Required work
Transcribe all of the data exactly, leaving nothing out.

++++ Data listing

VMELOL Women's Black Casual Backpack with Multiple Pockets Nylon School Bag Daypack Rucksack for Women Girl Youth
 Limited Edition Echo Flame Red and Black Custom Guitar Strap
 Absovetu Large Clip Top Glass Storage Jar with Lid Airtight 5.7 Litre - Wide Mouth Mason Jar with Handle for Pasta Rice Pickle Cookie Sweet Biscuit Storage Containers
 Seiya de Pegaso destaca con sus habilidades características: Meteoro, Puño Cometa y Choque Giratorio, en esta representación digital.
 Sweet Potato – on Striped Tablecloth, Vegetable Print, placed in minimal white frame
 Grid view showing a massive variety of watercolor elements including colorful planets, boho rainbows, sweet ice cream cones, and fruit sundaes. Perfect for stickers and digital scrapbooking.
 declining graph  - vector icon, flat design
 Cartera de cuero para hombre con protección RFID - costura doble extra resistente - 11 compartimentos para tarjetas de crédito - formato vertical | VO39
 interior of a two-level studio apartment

++++++++

Exercise answer
VMELOL Women's Black Casual Backpack with Multiple Pockets Nylon School Bag Daypack Rucksack for Women Girl Youth
 Limited Edition Echo Flame Red and Black Custom Guitar Strap
 Absovetu Large Clip Top Glass Storage Jar with Lid Airtight 5.7 Litre - Wide Mouth Mason Jar with Handle for Pasta Rice Pickle Cookie Sweet Biscuit Storage Containers
 Seiya de Pegaso destaca con sus habilidades características: Meteoro, Puño Cometa y Choque Giratorio, en esta representación digital.
 Sweet Potato – on Striped Tablecloth, Vegetable Print, placed in minimal white frame
 Grid view showing a massive variety of watercolor elements including colorful planets, boho rainbows, sweet ice cream cones, and fruit sundaes. Perfect for stickers and digital scrapbooking.
 declining graph  - vector icon, flat design
 Cartera de cuero para hombre con protección RFID - costura doble extra resistente - 11 compartimentos para tarjetas de crédito - formato vertical | VO39
 interior of a two-level studio apartment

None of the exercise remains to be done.